On Tuesday the 11th of May the Melbourne Press Club and the Australian Intercultural Society co-hosted their second Media Iftar dinner at the Graduate House which, sparked a very important conversation between members of Australian media and members of the general public.

The evening was co MC’d by the experienced media professional, anchor, and filmmaker, George Donikian. The Melbourne Press Club CEO Cathy Bryson and AIS’ Executive Director Ahmet Keskin opened the program and welcomed guests.

The iftar dinner featured Dr Nasya Bahfen, senior lecturer at Latrobe University, Steve Carey, partner at Newsflash Media, Christina Zhou, journalist at the ABC as part of an insightful and thought provoking panel discussion titled ‘Examining the unexamined assumptions made in the production and coverage of news’

During the panel discussion, Dr Bahfen remarked the newsroom is dynamic and under pressure to release stories as soon as it happens. However, she did stress it’s always important to be factually correct than to rush a story riddled with inaccuracies. She added news production is heading in the right direction with digital news and podcasts allowing journalists to expand and unpack the issues to provide more clarity around detail.

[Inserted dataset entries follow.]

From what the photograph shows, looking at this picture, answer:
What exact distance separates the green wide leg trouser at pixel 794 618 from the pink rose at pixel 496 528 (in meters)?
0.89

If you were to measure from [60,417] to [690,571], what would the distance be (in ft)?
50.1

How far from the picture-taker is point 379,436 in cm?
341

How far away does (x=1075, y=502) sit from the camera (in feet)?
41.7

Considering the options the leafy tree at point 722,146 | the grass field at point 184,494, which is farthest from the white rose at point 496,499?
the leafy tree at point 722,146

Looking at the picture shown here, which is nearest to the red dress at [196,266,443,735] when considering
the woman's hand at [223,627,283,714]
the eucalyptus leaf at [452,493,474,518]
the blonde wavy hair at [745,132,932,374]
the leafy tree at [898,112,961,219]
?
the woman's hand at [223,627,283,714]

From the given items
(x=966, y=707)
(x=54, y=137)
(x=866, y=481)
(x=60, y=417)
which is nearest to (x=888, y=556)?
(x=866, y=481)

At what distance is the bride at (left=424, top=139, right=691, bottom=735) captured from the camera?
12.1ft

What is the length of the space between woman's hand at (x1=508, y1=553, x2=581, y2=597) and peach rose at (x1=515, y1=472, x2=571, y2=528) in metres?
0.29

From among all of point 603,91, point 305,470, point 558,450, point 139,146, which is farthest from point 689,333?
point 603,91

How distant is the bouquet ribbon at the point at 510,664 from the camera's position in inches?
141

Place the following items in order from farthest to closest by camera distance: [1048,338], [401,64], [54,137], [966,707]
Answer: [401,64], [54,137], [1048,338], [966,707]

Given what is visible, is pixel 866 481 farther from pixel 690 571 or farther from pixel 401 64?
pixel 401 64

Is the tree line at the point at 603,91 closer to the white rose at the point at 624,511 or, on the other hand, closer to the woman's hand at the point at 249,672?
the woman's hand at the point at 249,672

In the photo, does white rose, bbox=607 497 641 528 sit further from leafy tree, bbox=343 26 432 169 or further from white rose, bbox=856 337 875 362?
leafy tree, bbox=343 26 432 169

Christiana shared her experience working in what is possibly ABC’s most diverse newsroom with almost half of the staff from a culturally and linguistically diverse background. She highlighted the benefits of having colleagues to reach out to for context, veracity of information or check the local media of a developing story. Having the ability to have someone with richer cultural understandings or lived experience review stories before publishing allowing for more accurate stories.

Steve described how the newsroom is evolving today whereas when he was in the commercial news media organisations, they were predominantly white men. Gender equality has come through the years as a natural progression but more can be done to include cultural diversity in the media by having young people from a CALD background knock down the doors and present themselves as a professional journalist like the next person.

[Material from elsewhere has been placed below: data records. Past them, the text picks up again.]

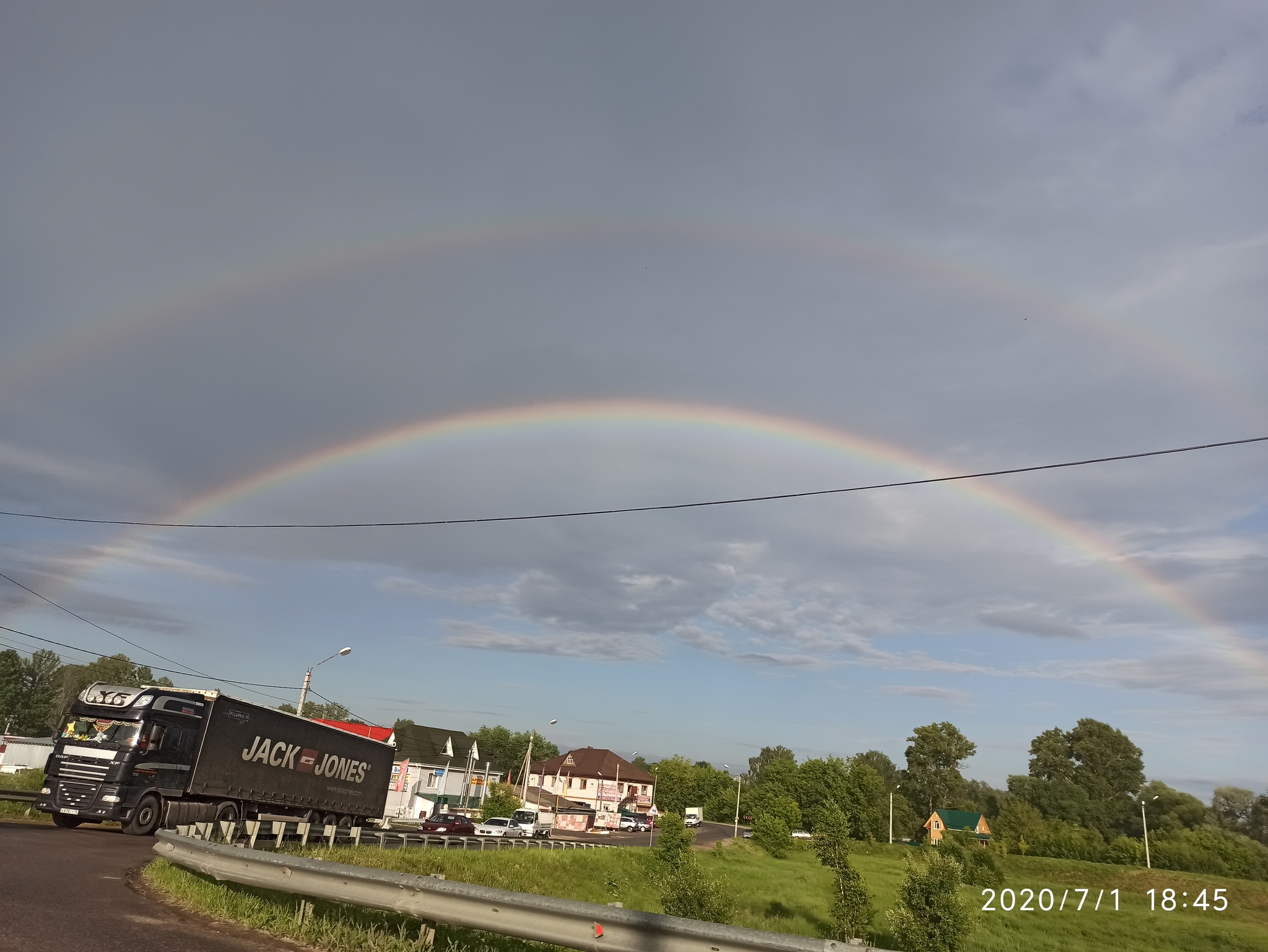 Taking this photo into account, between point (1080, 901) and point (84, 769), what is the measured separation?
197 ft

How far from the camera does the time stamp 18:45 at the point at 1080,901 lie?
48.7 meters

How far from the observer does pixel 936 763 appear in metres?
130

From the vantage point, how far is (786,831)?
78.6m

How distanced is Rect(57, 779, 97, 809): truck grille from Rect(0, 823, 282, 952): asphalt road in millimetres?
7472

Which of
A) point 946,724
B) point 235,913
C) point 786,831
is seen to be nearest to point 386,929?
point 235,913

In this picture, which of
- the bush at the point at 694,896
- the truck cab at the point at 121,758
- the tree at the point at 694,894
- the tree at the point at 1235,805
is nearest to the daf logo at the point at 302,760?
the truck cab at the point at 121,758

The panel continued with incredibly some great questions from the audience members regarding current laws in Australia to protect journalist and the need for a new news channel that meets the needs of the younger first and generation migrants.

There were reflections offered from the floor and they pointed to the need to have a multicultural media workforce to reflect the multicultural society we live in and the importance for those vying to carve a career in the media to be treated with respect and look beyond their stereotypes.